Smit refered to his verse as a work of art, so when I abuse smack'n handle Rhythm
He'll let out The Scream as his ear comes off like Van Gough and I tear his painting like an act of vandalism
You explain weak and boring punchlines that's something I must acknowledge
Smitty you need to lose your Expos, like the city of Montreal did
You're boring as fuck Smit so I've got to work with the bare bones like an orthopedist
But this battles still gonna be without debate North Korea is
I'm sick as Hannibal Rhythm you get eaten like a corpse when I unleash a higher force
'Cus I won't be defeated by a dork with bars stretched like Dhalsims limbs in Street Fighter 4
This verse leaves you outlined in white chalk I have no idea what you raised the lines for
Because you can't see I'm above you like an F-117 Nighthawk
And your wordplay against John showed your short temper
Since however many ways you called him a king you're still just the court jester
As a writer you're boring as fuck and I reall ain't lying
Your bars are what happens if you copy down the closed captions from a vid of paint drying
Asking for plenty more than the normal amount of bars but nobody likes your style anymore
So I don't need Jack Bauer fight techniques to kill you in twenty-four
Unless you get a ghostwriter or mentor it'll be nothing to traverse your bars and send yah home with a purple heart
I'll only lose if you've got aid in the back like you're driving a nurses car
You act like we all owe you somthing and should be thankfull just to have a verbal spar
Now does it feel to know your ego's more memorable than your verses are?

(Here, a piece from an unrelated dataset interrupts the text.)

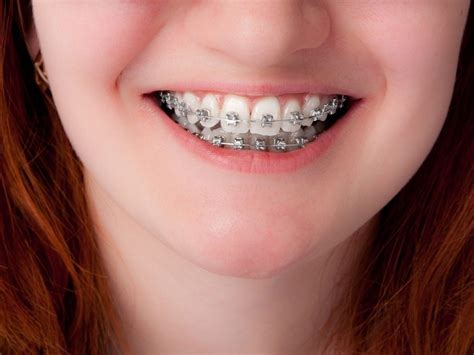 Does Your Child Really Need Braces: Weighing the Options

This is left over Uno bars you aren't worth the time
Observe the rhymes you're average and boring like a shirt and tie
Fuck writing for hours this is a quick keystyle
Now just to post you'll be done in 1 press like speed dial
When you first battled me face2face I bet Harley-Quinn wasn’t smilin
Cuz I put this ‘Mr.J’ in a box like the bars of Arkham Asylum
He couldn’t afford to buy a vowel, the words were horribly planned
So it always ends with a ‘9-9-8’ cuz his lyrics ‘too-short’ to be ‘Grand’

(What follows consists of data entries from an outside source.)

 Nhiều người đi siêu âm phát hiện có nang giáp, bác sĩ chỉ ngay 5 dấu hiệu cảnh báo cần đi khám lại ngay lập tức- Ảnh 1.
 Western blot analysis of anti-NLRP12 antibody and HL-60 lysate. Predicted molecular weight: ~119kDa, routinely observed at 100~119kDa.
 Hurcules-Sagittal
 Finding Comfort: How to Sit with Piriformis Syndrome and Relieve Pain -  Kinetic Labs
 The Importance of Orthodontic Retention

You will never get played on radio-waves plus you’re rated less than a second stage
And your clip against Deth is the closest way you would ever get hits on the ‘F.M., J’
Step up to the plate and clean up the dishes of all your puns and your disses
Cuz how can you call yourself a Mr. when most of your punches are Mrs.?
It’s nun ya business, you were on your knees against the Priest more than chapel pews
You aint half as true and without an opponent I can still defeat you in battle views
http://board.rapmusic.com/emcee-battle-area/1266281-smittyrhythm-vs-ar-here.html (900+, no-show)
This buster dug-less graves in the EBA while I turned the grounds in to holey-fields
I-earn-mic-ties-son, all the stripes behind your name are the kind that made Toby squeal
Slowly shield the pain you feel from always bein whipped til your shoulders peel
You’re like Fred Kruger cuz you can only win when people sleep on you, phony steel/steal
You use to stalk me like a child, every post you’d follow and file
So I’m use to seein you in my ‘threads’ and its no surprise that you borrow styles
You mighta stolen the title eng but that don’t make you a King of the Ring
You wish you was ME, which is why ‘We Love Smitty’ was the title-theme of your team
That’s awkward shit ^ some marti-gras tits would make you flinch and probably fall sick
Because you’re so gay you refer to TopGun often as “that volley ball flick”
This march is won, it was hardly fun, shut down the party, ya bar’s done
Notice: I didn’t need 1 british joke, and partly because..
You already are 1.
Separate names with a comma.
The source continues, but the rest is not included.